Tuesday, October 14, 2014

What is it?

The Secretary of the Army John McHugh signed a directive to establish the Office of Energy Initiatives (OEI) as of Oct. 1, 2014. The OEI will continue the ambitious efforts of the Energy Initiatives Task Force (EITF) which was established in September 2011. The OEI will serve as the Army's central management office for the development, implementation and oversight of all third-party financed, large-scale (greater than 10 megawatts) renewable and alternative energy projects.

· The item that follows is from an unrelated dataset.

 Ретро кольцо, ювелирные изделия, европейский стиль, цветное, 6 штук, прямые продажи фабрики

The OEI uses a balanced enterprise approach guided by three driving principles: Energy security through access to resilient, sustainable renewable energy sufficient for critical mission operations; economic benefits and predictability as projects are cost neutral or provide cost avoidance at day one of operations; and all projects contribute to meeting mandates established by executive orders and national defense authorization acts.

What has the Army done?

The OEI has screened nearly 200 Army, Reserve, and National Guard installations to determine the best potential for large-scale renewable energy development. Working with Defense Logistics Agency -- Energy, the Army Corps of Engineers, along with using pre-existing General Services Administration Areawide contracts, the OEI has a dozen projects representing more than 350 Megawatts (MW) either under construction or in the contracts and agreements phase.

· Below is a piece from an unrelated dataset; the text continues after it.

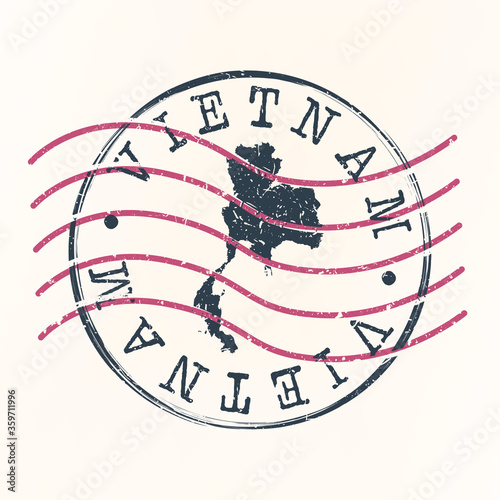 Vietnam Stamp Postal. Map Silhouette Seal. Passport Round Design. Vector Icon. Design Retro Travel.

  • --Fort Huachuca, Arizona - approximately 18 MW Solar
  • --Fort Drum, New York - 28 MW Biomass
  • --Fort Detrick, Maryland - approximately 15 MW Solar
  • --For Irwin, California - approximately 15 MW Solar
  • --Fort Stewart, Georgia - 30 MW Solar
  • --Fort Benning, Georgia - 30 MW Solar
  • --Fort Gordon, Georgia - 30 MW Solar
  • --Redstone Arsenal, Alabama - up to 18000 MW per year Solar
  • --Schofield Barracks, Hawaii - 50 MW Biofuel
  • --Fort Hood, Texas - up to 40 MW Solar/Wind
  • --Redstone Arsenal, Alabama - 25 MW Combined Heat and Power (CHP) Steam and Electricity
  • --Tooele Depot, Utah - Wind/ Solar

In addition there are another dozen projects totally approximately 200 MW of additional renewable energy which are in earlier phases of development.

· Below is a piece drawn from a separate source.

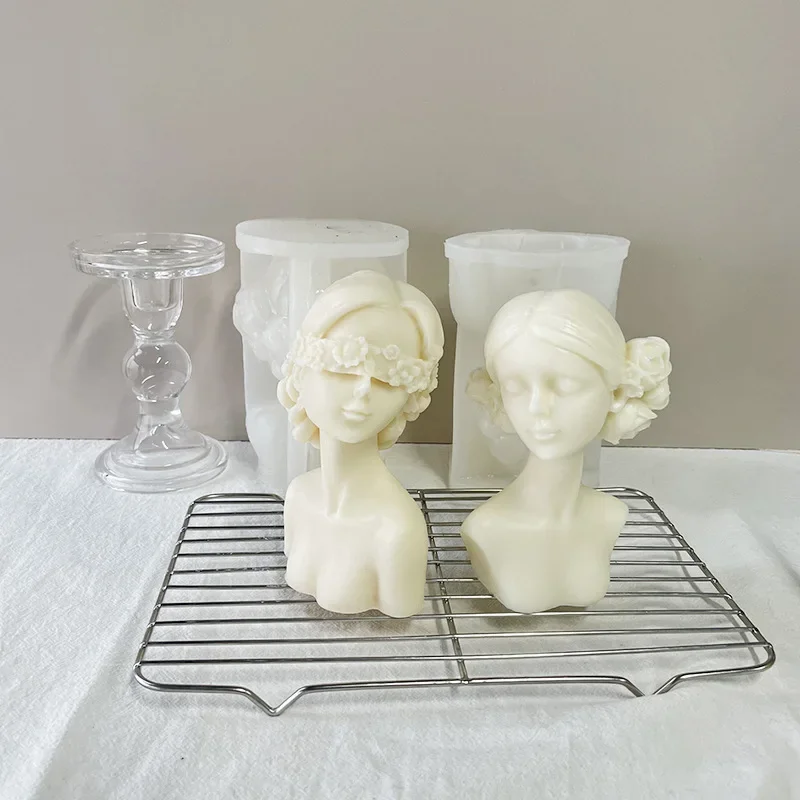 DIY Blindfolded Girl Candle Closed-Eye Girl Silicone Candle Molds for Making Aromatherapy Plaster Canldle Mould Home Decor Gift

What does the Army have planned for the future?

The Army continues to push forward to achieve mandated renewable energy goals, refine project management and execution processes, and achieve the OEI mission to Secure Army Installations with Energy that is Clean, Reliable and Affordable. The OEI team provides broad experience and capabilities in acquisition, project finance, renewable technologies, real estate, utility regulation, grid integration and environmental permitting, assisting installation commanders and their staffs to assess and implement renewable energy projects.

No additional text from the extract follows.